Thursday, March 21, 2019

Longbourn by Jo Baker

genre: historical fiction

You know that behind the scenes of any Regency England story, there is an entire cast of characters who do essentially all the work.  You know it, but you don't really THINK about what THAT life would be like, if you were the girl who had to wash Elizabeth Bennett's laundry or drive the carriage taking the Bennett girls to Netherfield Park for a ball.  In Longbourn, Jo Baker takes us to that world and leaves us there, that world of chilblains and slop buckets,  hot ovens and cleaning floors by scattering wet tea leaves and then sweeping them.  Sarah is a servant, overseen by Mrs. Hill the housekeeper.  Her life and work, her dreams and despairs, as well as her fellow servants, are at the crux of this novel.

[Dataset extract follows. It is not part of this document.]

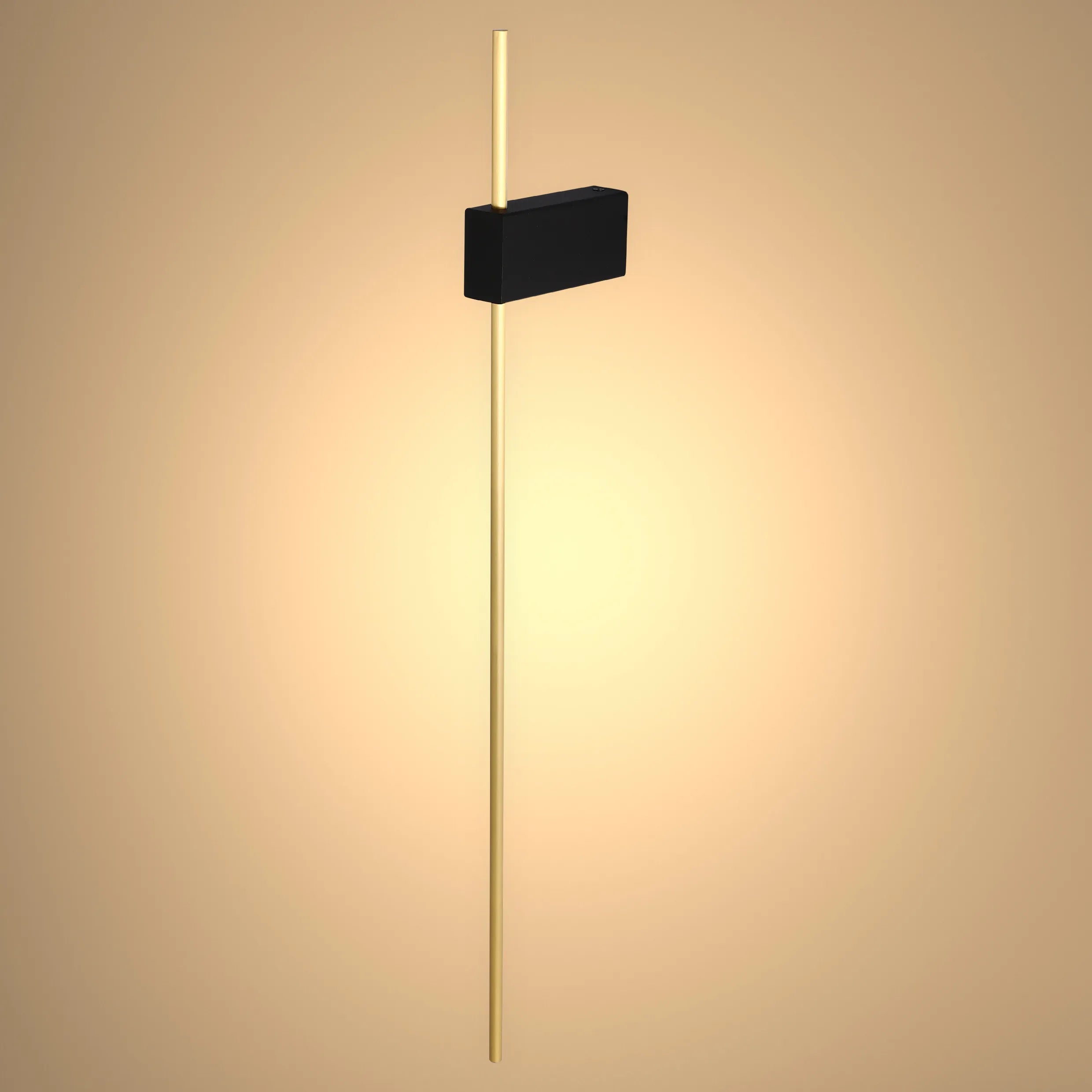 Aurora Slimline LED Wall Light – Modern Minimalist Dimmable Wall Sconce in Black & Gold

What we learn belowstairs (figuratively speaking) is a whole lot that isn't actually in Pride and Prejudice, for all that it is a book in the Bennett's home.  I was able to enjoy it for what it was because I didn't expect it to be a perfect correlation between Austen and this extension of her world.  But if you are an Austen Purest, there will be a lot to drive you crazy.  Oh yes, characters have darker sides that can feel uncomfortable to watch and there is a couple "truth" bombs dropped that felt like a stretch and never really seemed to have a point.   It's missing the wit of the original and it's really quite depressing but despite that, I was engaged enough to finish it and appreciate where it took me.  Also, some of the writing was just really good, in a literary sense.  It was interesting to learn about this harder life in the context of something so familiar.